Also known as, or recorded in historical documents as;
Weced; Dart's Castle; Danes' Castle

In the civil parish of Watchet.
In the historic county of Somerset.
Modern Authority of Somerset.
1974 county of Somerset.
Medieval County of Somerset.

OS Map Grid Reference: ST06184329
Latitude 51.18112° Longitude -3.34363°

Daws Castle, Watchet has been described as a Urban Defence although is doubtful that it was such.

There are earthwork remains.

This site is a scheduled monument protected by law.


Saxon burghal ramparts strengthed with stone in C10 and possible maintained until after 1086. Site called 'le castell' in 1537. Bond put site in his 'Anglo-saxon urban defensive circuit of no post-Conquest importance' list and writes has no remains, Dunning has air photo of site showing it severally suffering from coastal erosion but with some banking still visible.

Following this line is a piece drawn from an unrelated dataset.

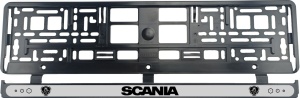 Set 2 bucati, suport numar inmatriculare, Scania III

Saxon enclosure possibly constructed in 914 surviving as an earthwork though evidence for stone walls has been found. Probably the site of the burh of Weced (Watchet) first mentioned in the Burghal Hideage. Inhumations possibly dating to C5 have been found near by. The site was discovered during the construction of three lime kilns in the mid to late C19. The bank defining the southern part of the enclosure is visible as earthworks. It measure 255m long and curves sharply at its north west end by the cliff. (PastScape)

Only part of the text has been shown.